### [TO DO]
Output each record below exactly. No images go in the copy.

[Records contained in a dataset]
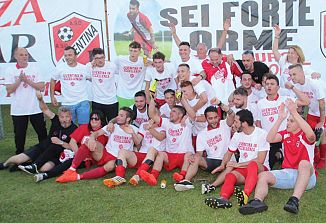 Juventina po desetih letih v elitni ligi, Mladost prvič v promocijski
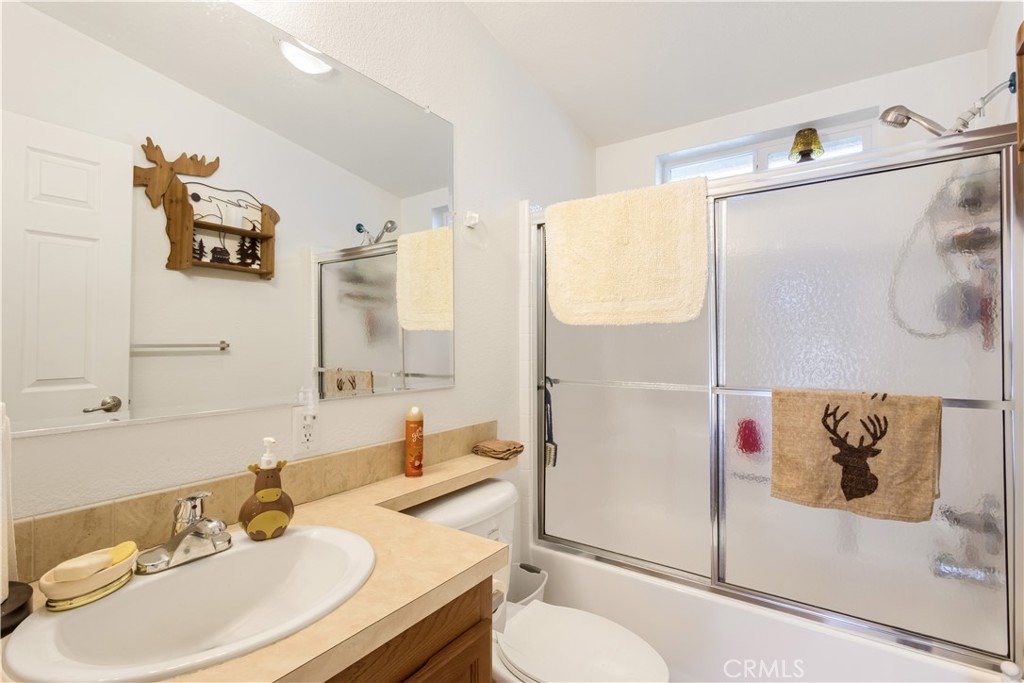 23700 Clement Way Property Photo 14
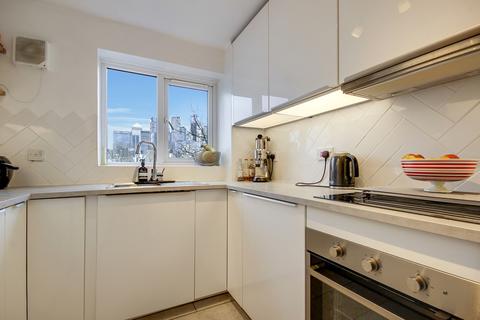 2 bedroom flat for sale, Ringwood Gardens, Isle of Dogs E14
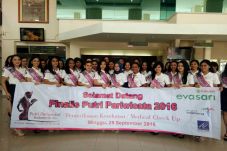 Finalis Putri Pariwisata...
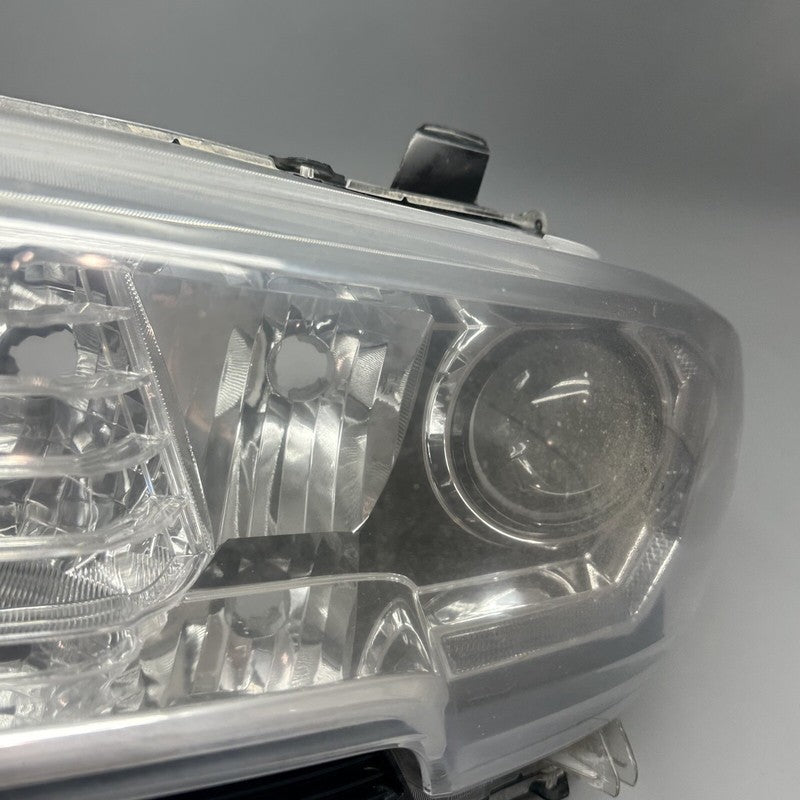 TOYOTA TACOMA HEADLIGHT LEFT DRIVER HALOGEN 2016 2017 2018 OEM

### [TASK OUTPUT]
 Juventina po desetih letih v elitni ligi, Mladost prvič v promocijski
 23700 Clement Way Property Photo 14
 2 bedroom flat for sale, Ringwood Gardens, Isle of Dogs E14
 Finalis Putri Pariwisata...
 TOYOTA TACOMA HEADLIGHT LEFT DRIVER HALOGEN 2016 2017 2018 OEM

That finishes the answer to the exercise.